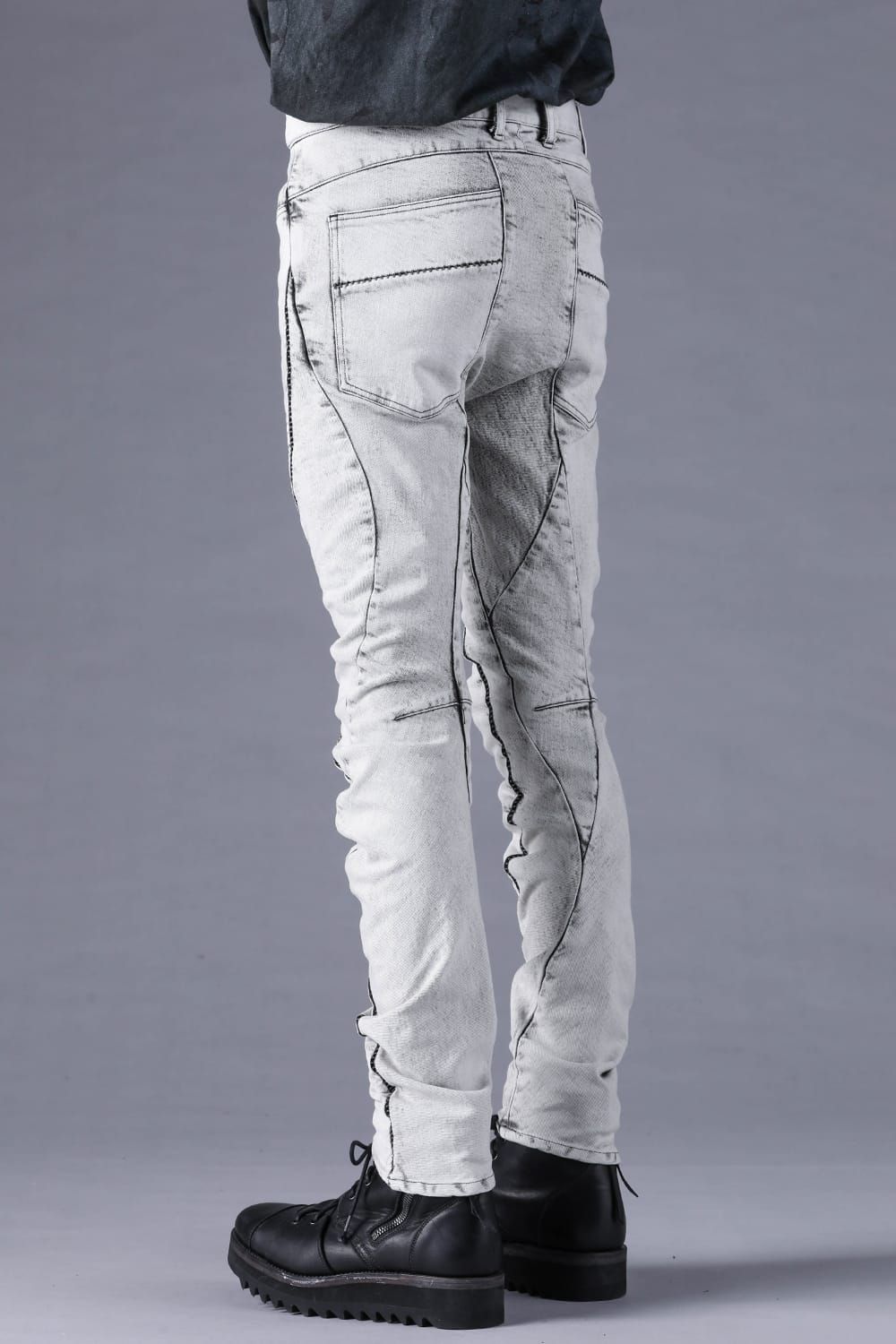 《2027SS先行予約分》Stretch Denim Overlock Twist Curve Pants"White" / ストレッチデニムオーバーロックツイストカーブパンツ"ホワイト"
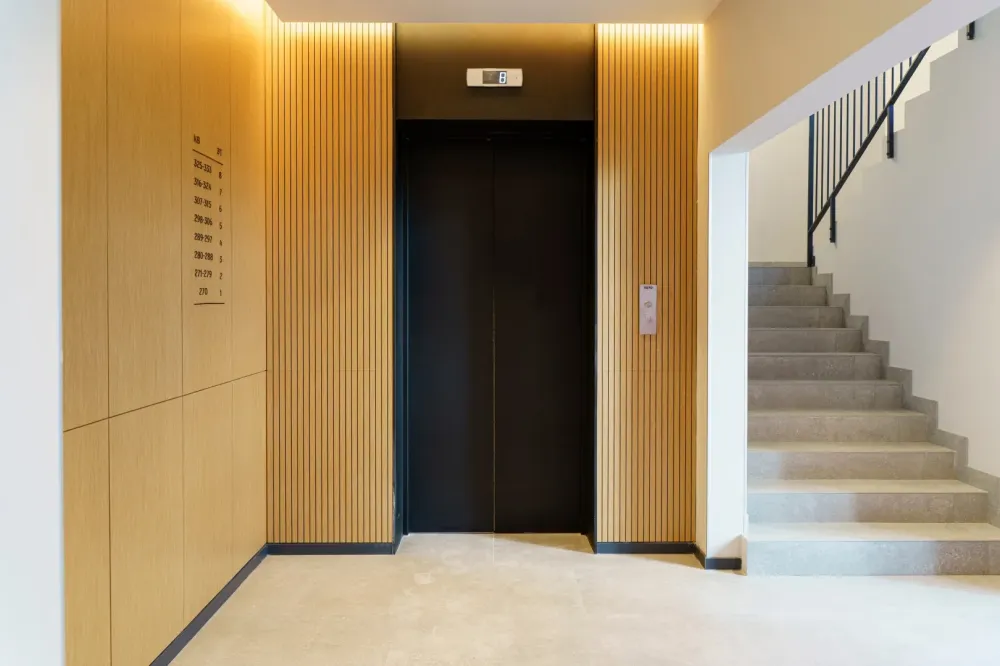 lobby hotel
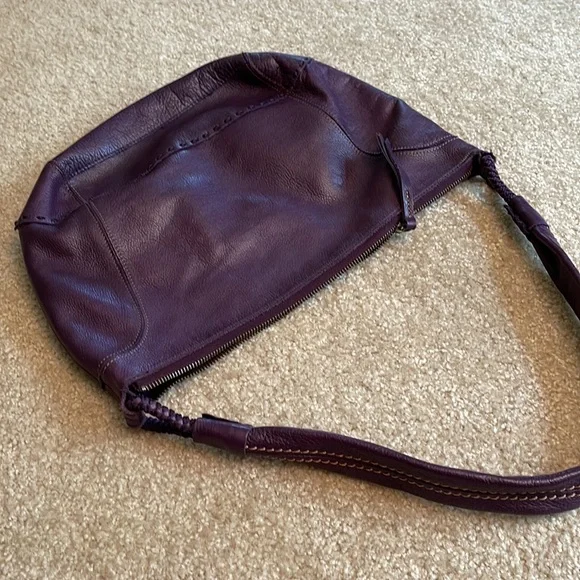The Sak Purple Leather Hobo Bag - Picture 3 of 8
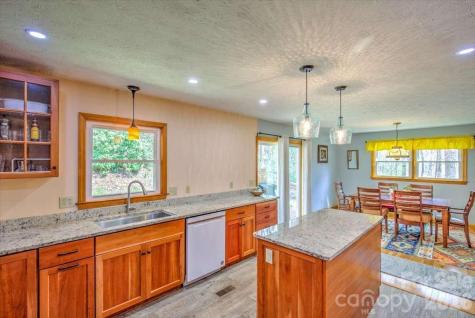 972 Harper Road Hendersonville NC 28792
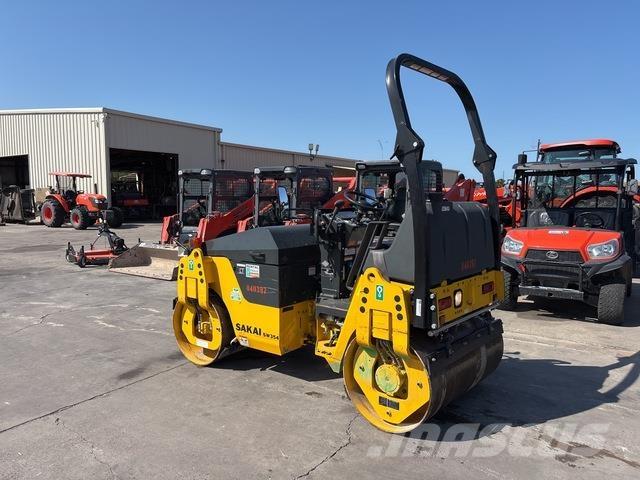 Sakai SW354 Compactoare monocilindrice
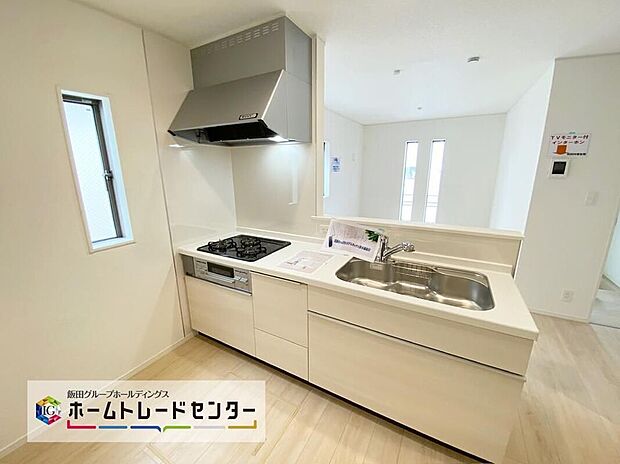 ☆System　Kitchen☆いつもご家族と一緒に過ごせるのが対面キッチンの魅力！今日の出来事を話しながら、一緒にお料理をしながら…いつもご家族の笑顔が近くにあります。
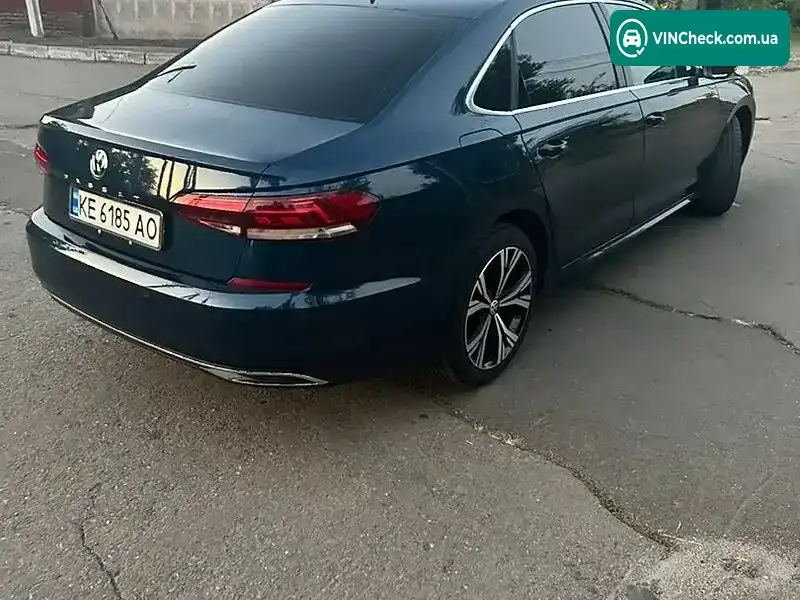 Volkswagen Passat 2019, фото з оголошення 2 з 20, VIN 1VWCA7A36LC005702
_ _ _ _ _ _ _
About this exercise:
The result should hold only the lines from the line with "Sakai SW354 Compactoare monocilindrice" through the final line of the records above, copied exactly, with pictures left out.

Written response:
 Sakai SW354 Compactoare monocilindrice
 ☆System　Kitchen☆いつもご家族と一緒に過ごせるのが対面キッチンの魅力！今日の出来事を話しながら、一緒にお料理をしながら…いつもご家族の笑顔が近くにあります。
 Volkswagen Passat 2019, фото з оголошення 2 з 20, VIN 1VWCA7A36LC005702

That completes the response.